> _Required work_
Output, word for word, the line that contains "岡山超值特農地(近省道台19甲)" and all lines after it in the records below, omitting pictures.

___

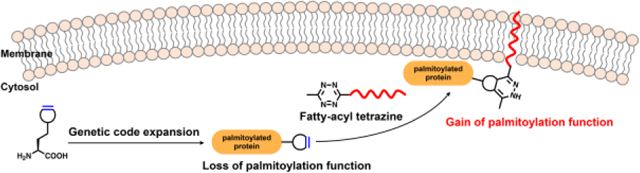 graphic file with name nihms-1640372-f0006.jpg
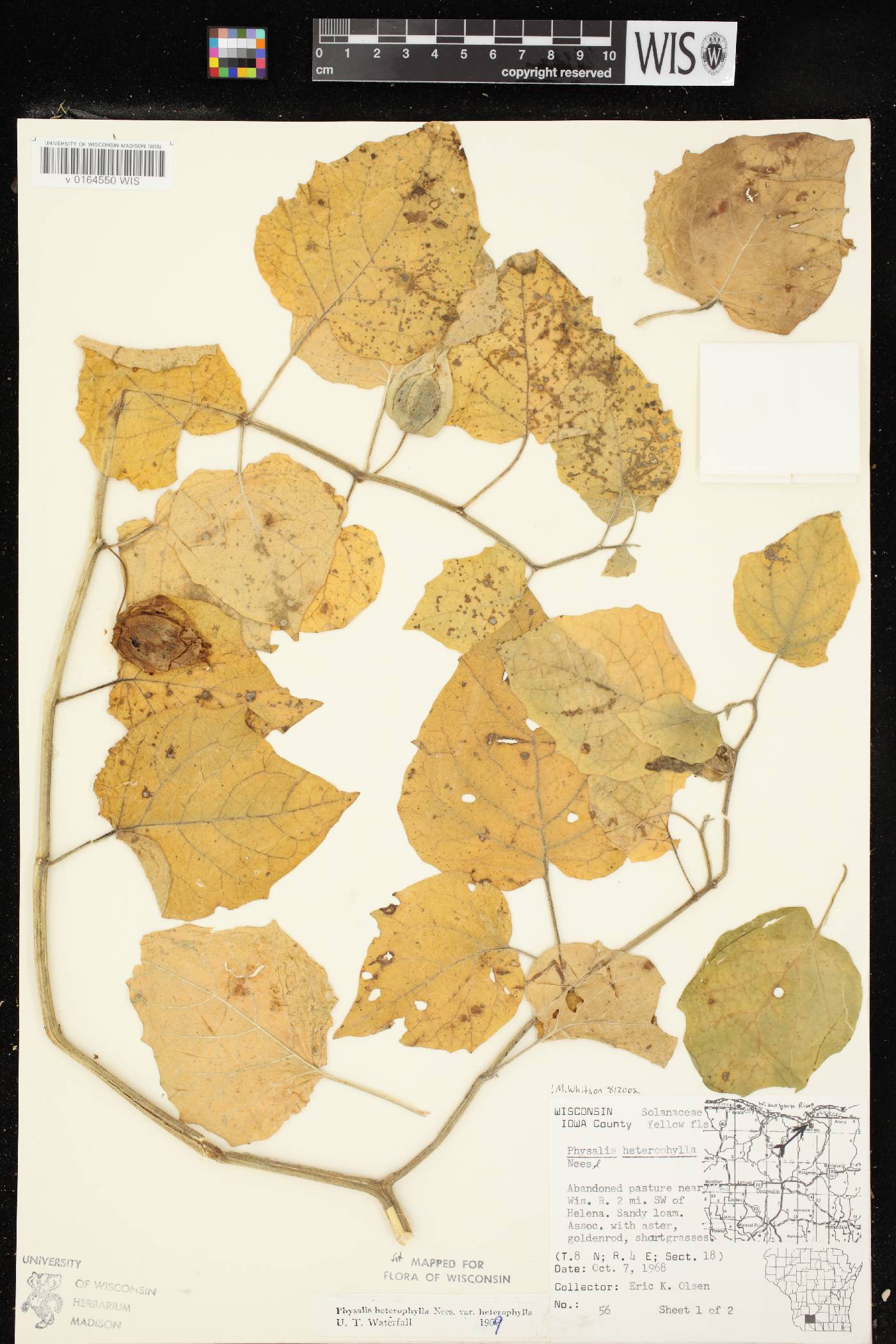 Physalis heterophylla image
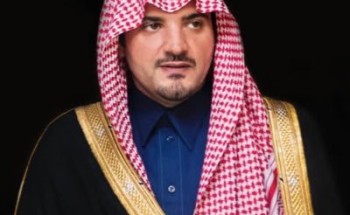 اتصال هاتفي بين وزير الداخلية ونظيره الباكستاني لبحث التنسيق الأمني اتصال هاتفي بين وزير الداخلية ونظيره الباكستاني لبحث التنسيق الأمني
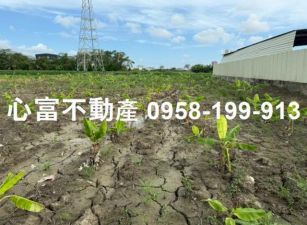 岡山超值特農地(近省道台19甲)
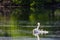 Mute Swan and Cygnets (Cygnus olor) on Huron River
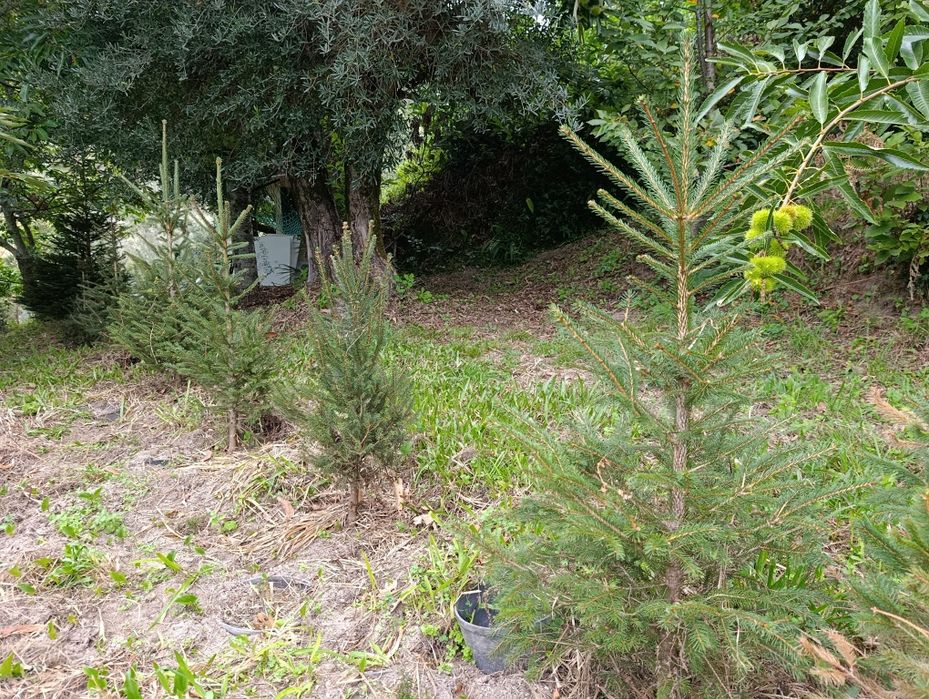 Árvore de Natal natural /Pinheiro de Natal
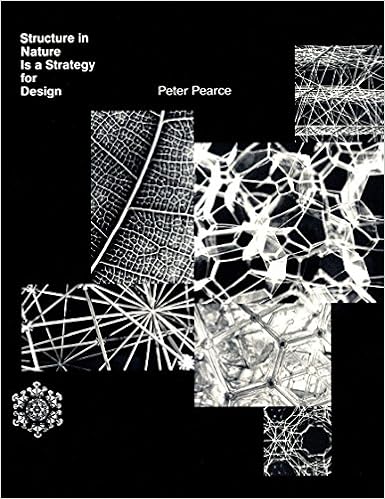 structure systems heino engel pdf free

___

> _Problem solution_
 岡山超值特農地(近省道台19甲)
 Mute Swan and Cygnets (Cygnus olor) on Huron River
 Árvore de Natal natural /Pinheiro de Natal
 structure systems heino engel pdf free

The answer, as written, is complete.